SARS is coming after these taxpayers with new auto assessments

The South African Revenue Service (SARS) has launched a new automated VAT assessment system, which registered VAT taxpayers in the country need to familiarise themselves with.
Launched on 11 December 2023, the new system will automatically issue assessments for VAT taxpayers who fail to submit necessary verification documents on time.
According to Zulfah Mullins, tax compliance officer at Hobbs Sinclair, one of the most notable aspects of the new system is that corrections will not be allowed for the same period once an automated VAT assessment is issued.
Mullins noted that:
- Estimated assessments will be issued if vendors fail to submit necessary documents during verification.
- Corrections for the same period are not permitted once an estimated assessment is raised.
- Vendors disagreeing with the assessment must submit the required documents within 40 business days of receiving the VAT217 notice.

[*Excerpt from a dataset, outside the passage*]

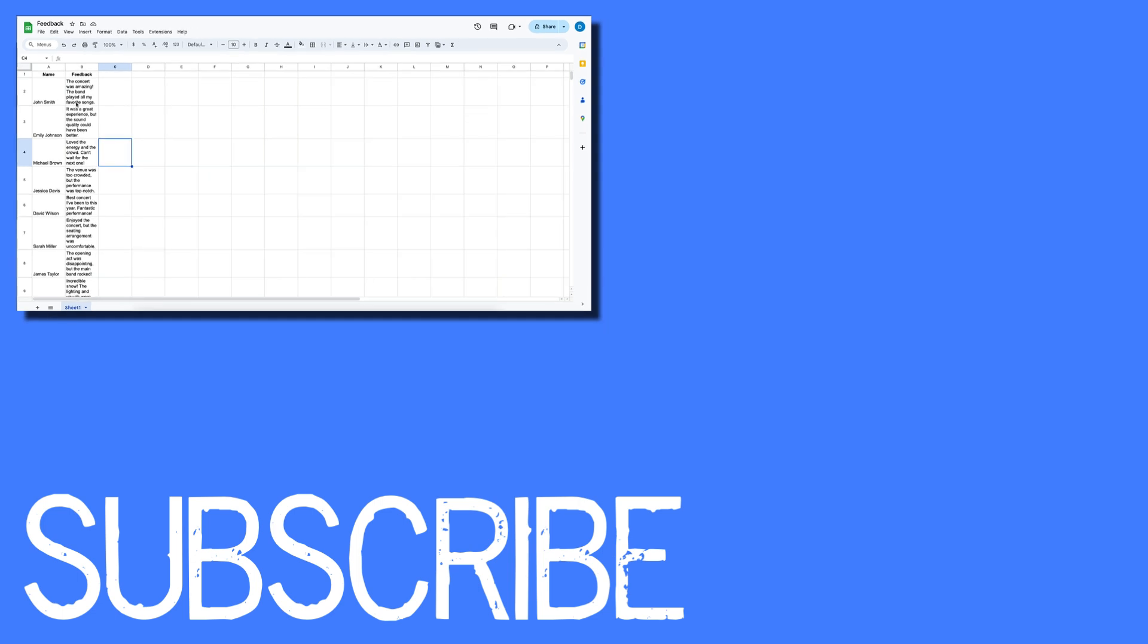If you found this video helpful please click that like button and subscribe to this channel to view more helpful videos in the future. Also please be sure to visit my website at therabbitpad.com.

- Submissions can be made via eFiling, SARS branches, or SARS Online Query System (SOQS).
- Extensions are available, with conditions.
- Vendors may request a suspension of payment under certain circumstances.

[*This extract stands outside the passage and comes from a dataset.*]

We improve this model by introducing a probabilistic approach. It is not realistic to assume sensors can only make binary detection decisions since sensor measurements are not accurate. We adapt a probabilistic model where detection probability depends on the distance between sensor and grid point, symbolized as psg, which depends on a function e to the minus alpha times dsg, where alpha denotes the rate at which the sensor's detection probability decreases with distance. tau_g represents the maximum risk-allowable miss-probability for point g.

According to SARS, this system aims to enhance tax compliance and streamline the VAT process.
Mullins said that the change underlines the importance of timely compliance, as it will significantly impact how VAT vendors manage their submissions and handle assessments.
SARS has been aggressively targeting non-compliant taxpayers this year as part of its wider bid to increase tax collections.
The taxman has faced a challenging year, with SARS achieving revenue collection growth of only 2.6% due to a decline in corporate income taxes and growing VAT refunds.
SARS deputy commissioner Johnstone Makhubu said that tax collections are R22 billion below the February 2023 budget estimates for the first five months of the 2024 financial year.
With the decrease in collections, the taxman is doing everything to can to raise funds – with non-compliant taxpayers its primary target.
While the revenue service has been relatively successful in boosting personal income tax revenues, corporate and VAT tax collections have been more strained.